Membiarkan Menhir Bicara: Menyigi Persiapan Festival Maek

MAEK,KLIKPOSITIF – Siang menjelang sore itu kompleks situs Menhir Bawah Parit, Nagari Maek, 50 Kota, tampak berbeda. Sekumpulan anak muda Nagari Maek asik berlatih menari, mereka bergerak lincah di antara menhir-menhir hasil kreasi para local genius di masa lampau yang jauh. Mereka punya satu tujuan: memainkan seni pertunjukan dengan situs Menhir Bawah Parit sebagai panggungnya.

“Bukan sekedar properti, bukan sekedar panggung, lewat gerak, lewat tubuh, kita ingin menhir-menhir ini ‘hidup’,” jelas koreografer Indonesia Jefriandi Usman saat diwawancara di sela-sela latihan (9/5).

“Karya yang kami siapkan ini juga bukan karya tari umumnya dengan panggung konvensional” lanjutnya. “Ini adalah upaya eksplorasi ruang yang spesifik, dalam hal ini situs menhir.”

Jefri kemudian menjelaskan bahwa lewat karya yang sedang dirancangnya bersama anak nagari Maek ia ingin menawarkan imajinasi baru soal menhir dan masa lalu Maek pada para pengunjung nantinya. Ia melihat sejarah menhir yang masih berselimut kabut itu, sebagai sumber imaji kreatif yang akan direspon oleh karya bersama itu.

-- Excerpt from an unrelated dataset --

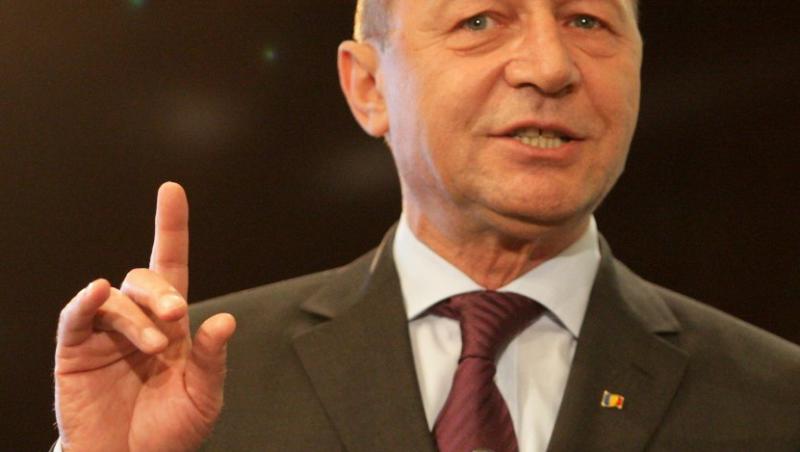 Liderii PDL l-au invitat pe Traian Basescu la Conventia Nationala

Latihan menari di situs Menhir Bawah Parit itu merupakan bagian dari Workshop Kekaryaan Festival Maek yang berlangsung dari 8 hingga 10 Mei 2024. Dalam workshop yang diadakan oleh Dinas Kebudayaan Provinsi Sumatera Barat ini 20 anak nagari Maek berlatih bersama fasilitator untuk menghasilkan karya kolaboratif.

Jefri tidak sendiri. Bersamanya juga ada koreografer Jerman, Bianca Sere Pulungan.

Serupa dengan Jefri, Bianca juga menawarkan gerak tari yang tidak konvensional. Ia berupaya melepaskan anak-anak dari estetika tari mainstream. “Saya mengajak mereka untuk mengeksplorasi gerak tubuh yang lebih bebas,” terangnya.

Ekplorasi itu, lanjutnya, berangkat dari hubungan tubuh anak-anak dengan anak lainnya, serta hubungan anak-anak dengan sejarah dan situasi budaya Maek hari ini.

“Karya ini bisa dikatakan semacam translasi dari hubungan-hubungan tersebut”, ujarnya penuh semangat.

Ia kemudian menjelaskan bahwa karya kolaborasi ini melahirkan semacam ‘instalasi bergerak’, dengan situs menhir sebagai panggungnya, berdasarkan upaya eksplorasinya atas hasil interpretasinya terhadap sejarah dan kebudayaan Maek.

Negeri Tua Penuh Potensi

Pandu datang membawa rebab darek-nya ke situs Menhir Bawah Parit siang itu. Ia duduk lalu mulai memainkan rebab dengan dua senar berbahan kayu cempedak itu. Nabila di sampingnya, berdendang mengiringi permainan rebab Pandu.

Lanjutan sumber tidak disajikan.